--- START ---
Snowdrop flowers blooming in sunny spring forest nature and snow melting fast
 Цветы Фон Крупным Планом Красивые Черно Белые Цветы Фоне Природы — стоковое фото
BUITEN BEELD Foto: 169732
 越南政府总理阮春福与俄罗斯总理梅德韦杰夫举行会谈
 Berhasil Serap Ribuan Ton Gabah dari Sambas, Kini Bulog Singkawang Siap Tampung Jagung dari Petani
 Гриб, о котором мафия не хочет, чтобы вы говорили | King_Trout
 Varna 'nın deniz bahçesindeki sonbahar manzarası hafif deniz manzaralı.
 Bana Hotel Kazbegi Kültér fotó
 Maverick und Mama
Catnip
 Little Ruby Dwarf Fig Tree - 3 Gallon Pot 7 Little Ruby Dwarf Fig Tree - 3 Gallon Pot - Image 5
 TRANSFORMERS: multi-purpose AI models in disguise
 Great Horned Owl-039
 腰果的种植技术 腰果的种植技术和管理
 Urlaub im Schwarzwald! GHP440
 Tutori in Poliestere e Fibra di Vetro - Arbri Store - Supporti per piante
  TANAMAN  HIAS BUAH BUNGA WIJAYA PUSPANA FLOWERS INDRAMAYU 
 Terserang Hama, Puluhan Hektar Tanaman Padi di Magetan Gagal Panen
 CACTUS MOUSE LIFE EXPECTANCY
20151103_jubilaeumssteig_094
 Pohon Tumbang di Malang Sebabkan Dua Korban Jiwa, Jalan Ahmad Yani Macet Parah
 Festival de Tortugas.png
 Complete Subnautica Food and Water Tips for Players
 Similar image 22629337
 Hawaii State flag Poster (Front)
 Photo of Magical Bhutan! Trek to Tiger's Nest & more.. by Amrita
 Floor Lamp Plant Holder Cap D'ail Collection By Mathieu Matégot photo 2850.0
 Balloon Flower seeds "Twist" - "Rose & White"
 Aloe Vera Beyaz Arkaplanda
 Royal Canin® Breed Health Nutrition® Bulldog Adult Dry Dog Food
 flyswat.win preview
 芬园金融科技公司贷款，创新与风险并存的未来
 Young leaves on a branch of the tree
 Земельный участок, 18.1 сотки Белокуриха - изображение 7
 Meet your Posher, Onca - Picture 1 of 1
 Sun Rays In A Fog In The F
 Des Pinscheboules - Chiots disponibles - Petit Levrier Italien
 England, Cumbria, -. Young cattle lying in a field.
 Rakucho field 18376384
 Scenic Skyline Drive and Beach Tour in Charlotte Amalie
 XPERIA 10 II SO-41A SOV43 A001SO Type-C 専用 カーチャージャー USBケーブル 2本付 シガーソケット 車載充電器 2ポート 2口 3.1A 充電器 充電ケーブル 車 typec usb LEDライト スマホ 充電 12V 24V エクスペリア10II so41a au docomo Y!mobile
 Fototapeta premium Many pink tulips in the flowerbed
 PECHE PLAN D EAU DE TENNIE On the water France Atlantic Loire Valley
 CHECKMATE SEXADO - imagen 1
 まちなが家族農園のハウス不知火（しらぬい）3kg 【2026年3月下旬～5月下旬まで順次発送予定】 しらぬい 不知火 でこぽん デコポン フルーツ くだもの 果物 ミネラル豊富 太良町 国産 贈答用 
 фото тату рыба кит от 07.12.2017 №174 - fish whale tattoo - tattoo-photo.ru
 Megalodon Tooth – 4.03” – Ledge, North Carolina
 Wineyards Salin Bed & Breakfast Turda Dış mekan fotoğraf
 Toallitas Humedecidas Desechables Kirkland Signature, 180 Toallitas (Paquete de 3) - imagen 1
--- END ---
What is required:
Return, exactly as written, only those lines that run from the one with "TRANSFORMERS: multi-purpose AI" to the last line of the data, both of those lines included.

Result:
 TRANSFORMERS: multi-purpose AI models in disguise
 Great Horned Owl-039
 腰果的种植技术 腰果的种植技术和管理
 Urlaub im Schwarzwald! GHP440
 Tutori in Poliestere e Fibra di Vetro - Arbri Store - Supporti per piante
  TANAMAN  HIAS BUAH BUNGA WIJAYA PUSPANA FLOWERS INDRAMAYU 
 Terserang Hama, Puluhan Hektar Tanaman Padi di Magetan Gagal Panen
 CACTUS MOUSE LIFE EXPECTANCY
20151103_jubilaeumssteig_094
 Pohon Tumbang di Malang Sebabkan Dua Korban Jiwa, Jalan Ahmad Yani Macet Parah
 Festival de Tortugas.png
 Complete Subnautica Food and Water Tips for Players
 Similar image 22629337
 Hawaii State flag Poster (Front)
 Photo of Magical Bhutan! Trek to Tiger's Nest & more.. by Amrita
 Floor Lamp Plant Holder Cap D'ail Collection By Mathieu Matégot photo 2850.0
 Balloon Flower seeds "Twist" - "Rose & White"
 Aloe Vera Beyaz Arkaplanda
 Royal Canin® Breed Health Nutrition® Bulldog Adult Dry Dog Food
 flyswat.win preview
 芬园金融科技公司贷款，创新与风险并存的未来
 Young leaves on a branch of the tree
 Земельный участок, 18.1 сотки Белокуриха - изображение 7
 Meet your Posher, Onca - Picture 1 of 1
 Sun Rays In A Fog In The F
 Des Pinscheboules - Chiots disponibles - Petit Levrier Italien
 England, Cumbria, -. Young cattle lying in a field.
 Rakucho field 18376384
 Scenic Skyline Drive and Beach Tour in Charlotte Amalie
 XPERIA 10 II SO-41A SOV43 A001SO Type-C 専用 カーチャージャー USBケーブル 2本付 シガーソケット 車載充電器 2ポート 2口 3.1A 充電器 充電ケーブル 車 typec usb LEDライト スマホ 充電 12V 24V エクスペリア10II so41a au docomo Y!mobile
 Fototapeta premium Many pink tulips in the flowerbed
 PECHE PLAN D EAU DE TENNIE On the water France Atlantic Loire Valley
 CHECKMATE SEXADO - imagen 1
 まちなが家族農園のハウス不知火（しらぬい）3kg 【2026年3月下旬～5月下旬まで順次発送予定】 しらぬい 不知火 でこぽん デコポン フルーツ くだもの 果物 ミネラル豊富 太良町 国産 贈答用 
 фото тату рыба кит от 07.12.2017 №174 - fish whale tattoo - tattoo-photo.ru
 Megalodon Tooth – 4.03” – Ledge, North Carolina
 Wineyards Salin Bed & Breakfast Turda Dış mekan fotoğraf
 Toallitas Humedecidas Desechables Kirkland Signature, 180 Toallitas (Paquete de 3) - imagen 1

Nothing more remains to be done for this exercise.